Nicolas Multon, orfèvre du chocolat
Chef pâtissier dans un prestigieux restaurant alsacien, il fabrique son propre univers de sculptures en chocolat ; créant une passerelle entre son métier et la cristallerie, activité emblématique de cette région des Vosges du Nord.
À 43 ans, la boucle, pour Nicolas Multon, est quasiment bouclée. Alors qu’adolescent il rêvait de faire les beaux-arts, celui qui est désormais chef pâtissier à la Villa René Lalique, à Wingen-sur-Moder (Bas-Rhin), est devenu aussi « sculpteur ès-chocolats ».
Il a ainsi réalisé des pièces impressionnantes de par leur dimension et le détail des finitions, comme le buste de René Lalique, fondateur de la cristallerie du même nom à Wingen ; ou cette magnifique tête de cheval, un animal qui l’inspire particulièrement. « J’imagine puis je conçois ces créations dans ma tête, comme lorsque j’étais enfant, passionné de dessin », explique Nicolas, désormais à la tête d’une équipe de cinq personnes. Un beau parcours pour ce natif du Cher qui n’a pas son CAP de pâtissier, est arrivé dans cette filière un peu par hasard et y a trouvé un mode d’expression de son talent.

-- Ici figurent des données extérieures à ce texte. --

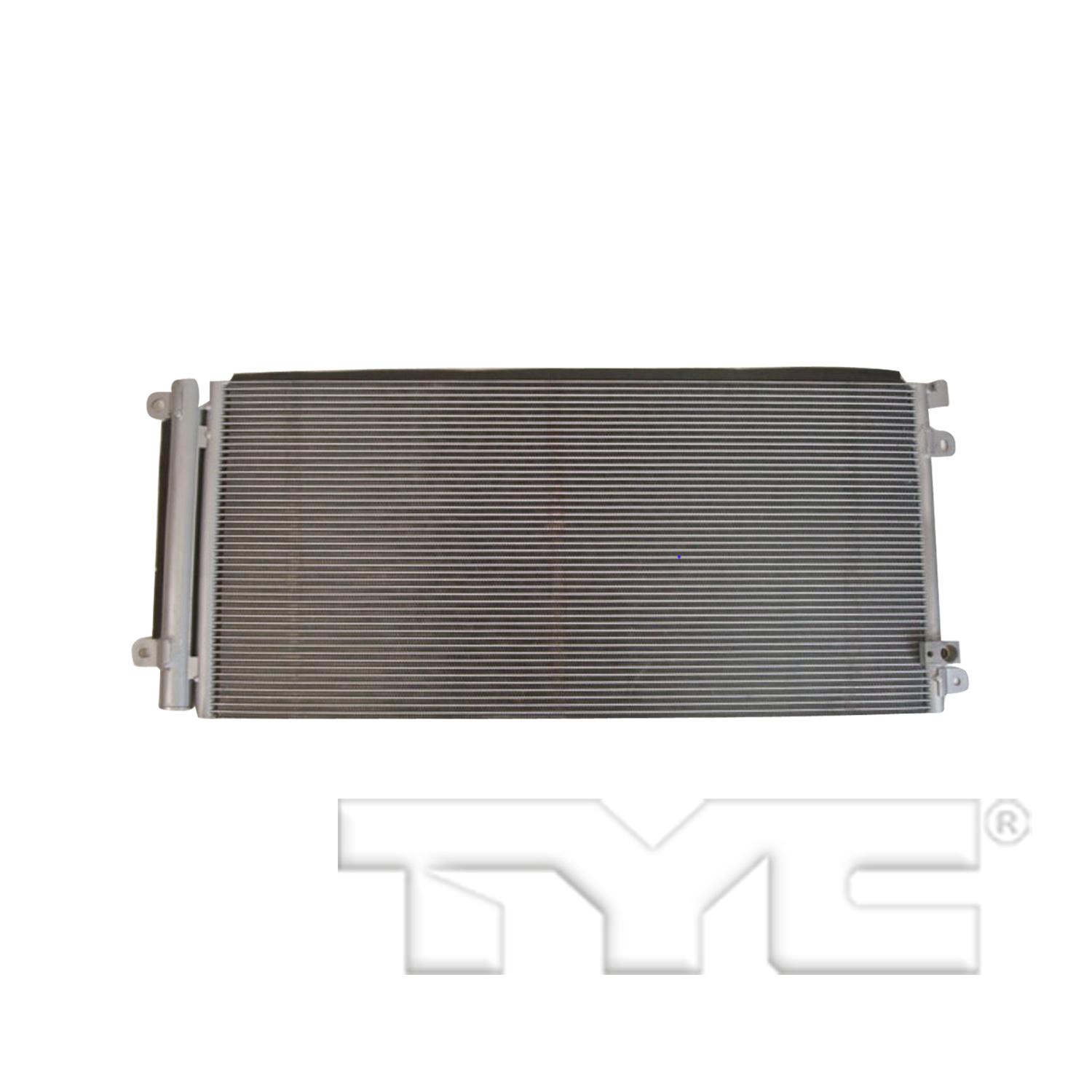 TYC 30008 - A/C Condenser TYC 30008 A/C Condenser product image 1 of 1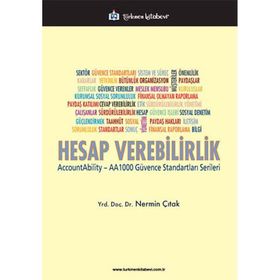Hesap Verebilirlik Türkmen Kitabevi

« Mes parents ne pouvaient pas suivre financièrement pour les études que je souhaitais, je n’ai pas eu de bourse, raconte-t-il. Sans porte de sortie vers un cursus classique, j’ai démarré une formation en boulangerie. Mais j’ai rapidement compris que ça ne me convenait pas… Alors je suis entré dans l’hôtellerie-restauration. Dans les différentes maisons où j’étais apprenti, je me suis débrouillé pour travailler dans la partie pâtisserie car j’ai vite compris que je m’y épanouirais. »
Il prend alors rapidement des responsabilités dans les maisons dans lesquelles il travaille, en Alsace, en Bretagne, en Lorraine. Il rejoint enfin la Villa René Lalique, un établissement ouvert en 2015, avec déjà deux étoiles au Guide Michelin.
Des centaines d’heures de travail
Pour ses sculptures, Nicolas utilise un chocolat classique. Afin de lui donner la forme souhaitée, il le façonne comme de l’argile, « de l’intérieur vers l’extérieur ». Les outils utilisés pour les finitions sont ceux d’un sculpteur. Certaines pièces sont issues d’un travail à quatre mains, comme pour le buste, fruit d’une collaboration avec une maquettiste de la manufacture Lalique. « Cette pièce a représenté une centaine d’heures de travail, la tête de cheval une trentaine ; mais je ne compte pas vraiment, je le fais en mode passion », souligne cet amateur d’art, admirateur du peintre Kandinsky.
Les sculptures sont conservées sous cloche, pour en réguler la chaleur et l’humidité. « J’ai un peu restauré récemment le buste, l’odeur était toujours présente alors qu’il a trois ans. Généralement, au bout de six mois l’odeur typique du chocolat disparaît, le goût au bout de trois ans », précise-t-il.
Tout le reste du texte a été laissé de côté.